Wir betreten einen großen, mit dunklem Holzpaneel getäfelten Raum. In einer Ecke steht verloren ein großer Schreibtisch aus falschem Mahagoni, in einer anderen ein runder Konferenztisch. Ansonsten ist der Raum kahl, an den Wänden hängt nicht einmal ein Kalender des Zuckerkonzerns Zucarmex, dem das ingenio gehört. Auf dem Schreibtisch steht ein großer Bildschirm, auf einem Beistelltisch ein Telefon. Señor Domínguez hat offenbar keine Sekretärin und schreibt alles selbst.

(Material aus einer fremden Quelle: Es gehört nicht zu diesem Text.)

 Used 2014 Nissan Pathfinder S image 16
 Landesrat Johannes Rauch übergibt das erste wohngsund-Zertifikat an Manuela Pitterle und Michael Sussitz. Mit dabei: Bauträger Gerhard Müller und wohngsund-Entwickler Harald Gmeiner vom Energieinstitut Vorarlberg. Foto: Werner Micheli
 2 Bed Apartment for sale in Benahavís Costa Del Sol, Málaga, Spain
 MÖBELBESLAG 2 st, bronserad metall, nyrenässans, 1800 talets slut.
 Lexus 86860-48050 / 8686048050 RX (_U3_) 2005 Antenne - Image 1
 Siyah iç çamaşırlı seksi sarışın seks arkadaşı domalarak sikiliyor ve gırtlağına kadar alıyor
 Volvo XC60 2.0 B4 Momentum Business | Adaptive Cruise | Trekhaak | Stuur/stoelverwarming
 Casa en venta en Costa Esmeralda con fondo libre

Mit einer einladenden Handbewegung zeigt Señor Domínguez auf einen wackeligen Klappstuhl vor seinem Schreibtisch. Er selbst nimmt hinter seinem Tisch auf einem lederbezogenen Schreibtischstuhl Platz. Mexikaner machen gern klar, wer aus ihrer Sicht wo steht. Deshalb duzt er mich auch, während ich mich entscheide, ihn lieber mit Usted und Señor Domínguez anzusprechen. Und deshalb stellt er die ersten Fragen: »Hast du überhaupt eine Ahnung, wie man Zucker herstellt?«

Ich hatte eine Ausstellung besucht, ein Buch gelesen und mich mit dem Vertreter einer der Bauerngewerkschaften unterhalten. Außerdem hatte ich im Bundesstaat Morelos einmal zugesehen, wie Kleinbauern mit einer primitiven, von einer Kuh betriebenen Holzmühle ihr Zuckerrohr ausquetschen und den Saft einkochen. Ich fühle mich einigermaßen vorbereitet.

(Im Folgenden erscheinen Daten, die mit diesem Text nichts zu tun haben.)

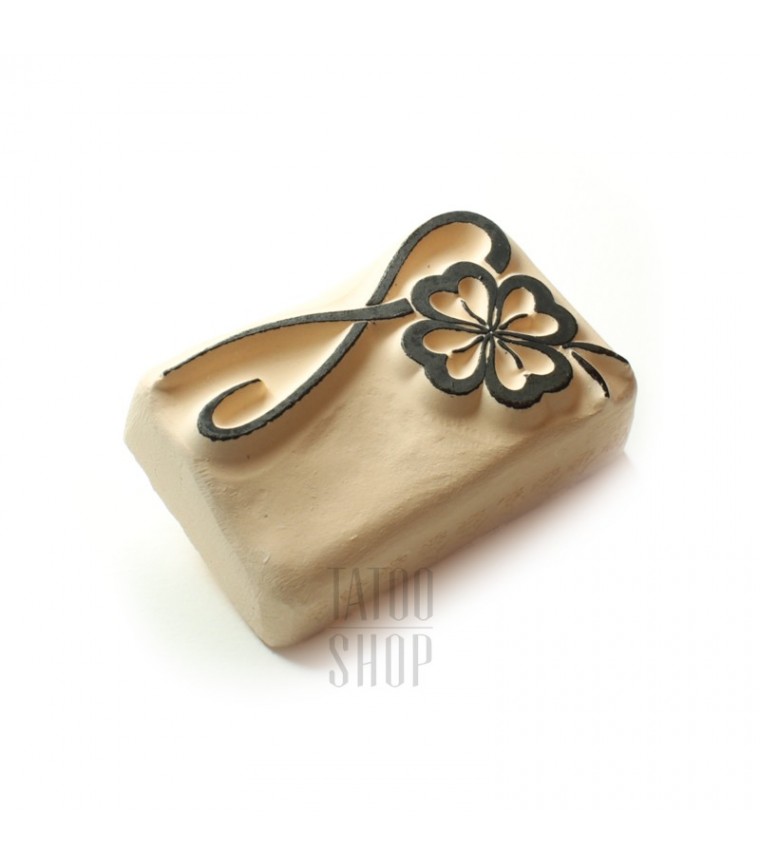 tatouage infini trefle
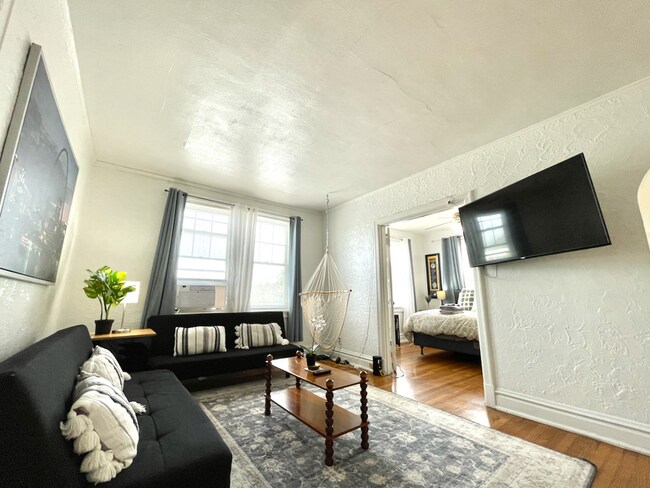 Foto del edificio - 6655 Berthold Ave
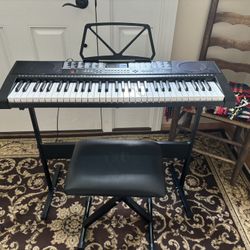 61 Key Piano/Keyboard With Seat.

»Das Rohr wird ausgepresst, der Saft gefiltert und mit Kalk und Schwefel neutralisiert und gebleicht, und dann reduziert bis er kristallisiert.«

Señor Domínguez nickt zustimmend. Ich habe die Prüfung offenbar halbwegs bestanden. Er holt drei Plastikbecher aus einer Schublade und stellt sie vor mich auf den Schreibtisch. Einer enthält weißen Zucker, einer hellbraunen und der dritte braunen.

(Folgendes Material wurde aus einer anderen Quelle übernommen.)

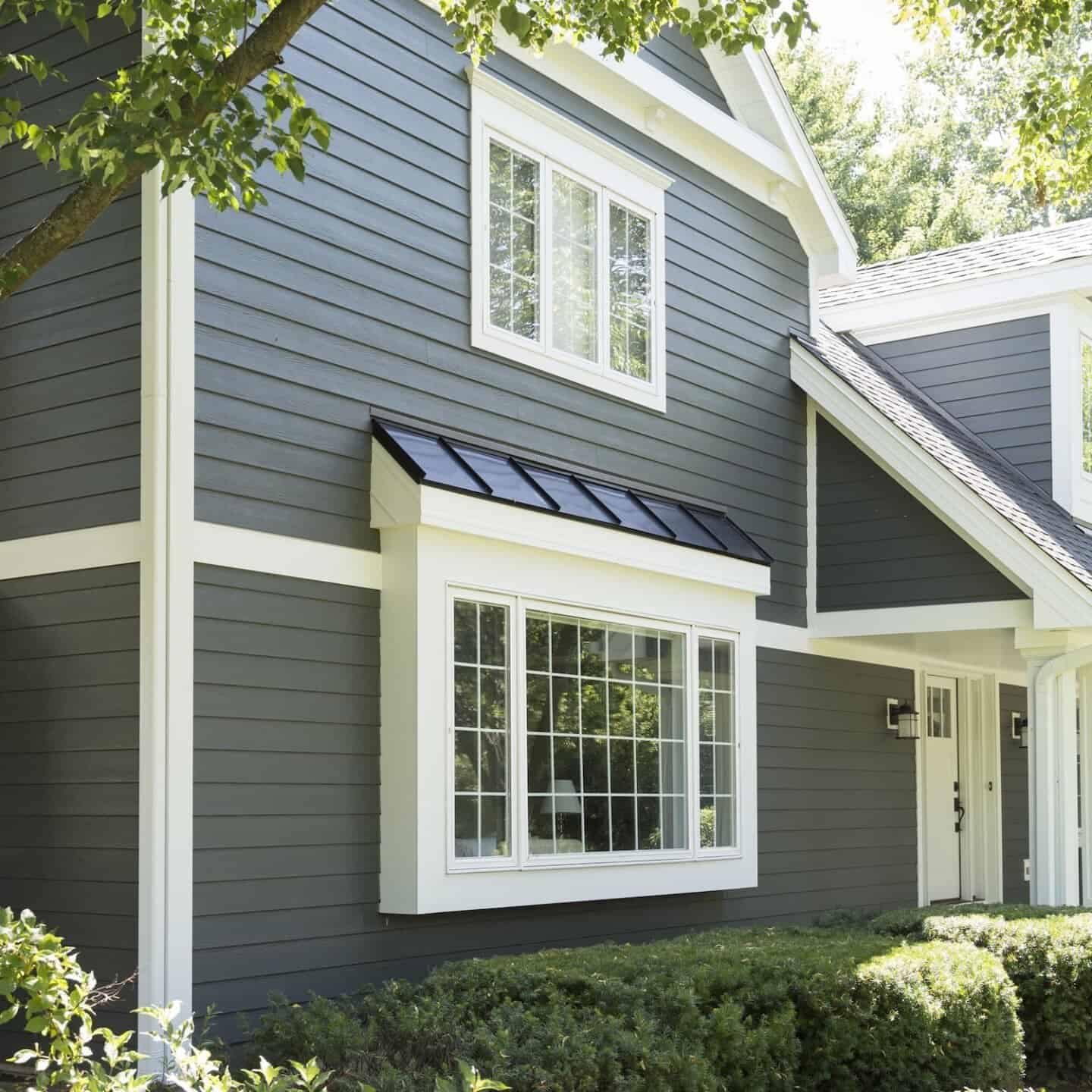 How Long Does Vinyl Siding Last In 2023 [Average Lifespan]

»Wir stellen drei Qualitäten her. Die Farbe und Konsistenz hängt damit zusammen, wie lange der Zucker getrocknet wird und wieviel Kalk und Schwefel wir zusetzen. Der Mascabado« – er zeigt auf den braunen Zucker – »wird gar nicht gebleicht und enthält am meisten Feuchtigkeit. Der hier« – er zeigt auf den hellbraunen Zucker – »ist der normale Haushaltszucker. Und der hier« – der weiße – »ist für Puderzucker und den Export.«

Dann erklärt er mir ausführlich den gesamten Produktionsprozess in dem Werk, das er seit 15 Jahren leitet. Aber mehr als die Herstellung selbst interessieren mich eigentlich der Anbau und die Ernte des Zuckerrohrs. Denn das ingenio übernimmt nicht nur die Herstellung des Zuckers, sondern den gesamten Prozess von der Pflanzung bis zur Ernte des Zuckerrohrs.

Die böse Stiefschwester


Das Zuckerrohr stammt ursprünglich aus der Region von Neuguinea und kam von dort nach China und Indien. Während der Kreuzzüge brachten die Araber den Zucker in den Mittelmeerraum, und von dort eroberte er Europa. Noch in der Renaissance war er ein extrem teures Luxusgut, in dessen Genuss nur Könige und Bischöfe kamen. Und Kranke, denn auch Apotheker verwendeten ihn in winzigen Dosierungen, um ihre bittere Medizin zu versüßen. Gemeine Bauern oder Bürger süßten dagegen mit Fruchtsäften und Honig. Die Zuckerproduktion war ein Riesengeschäft. Deshalb nahm Kolumbus das Zuckerrohr schon auf seiner zweiten Reise in die Karibik mit, wo es prächtig gedieh. Von Kuba brachte es Hernán Cortés drei Jahrzehnte später nach Veracruz und errichtete das erste ingenio des amerikanischen Festlands in Santiago Tuxtla. Später verlagerte sich der Anbau ins Landesinnere der Kolonie, zum Beispiel in die heutigen Bundesstaaten Mexiko und Morelos, die sich in der Nähe der Hauptstadt befanden.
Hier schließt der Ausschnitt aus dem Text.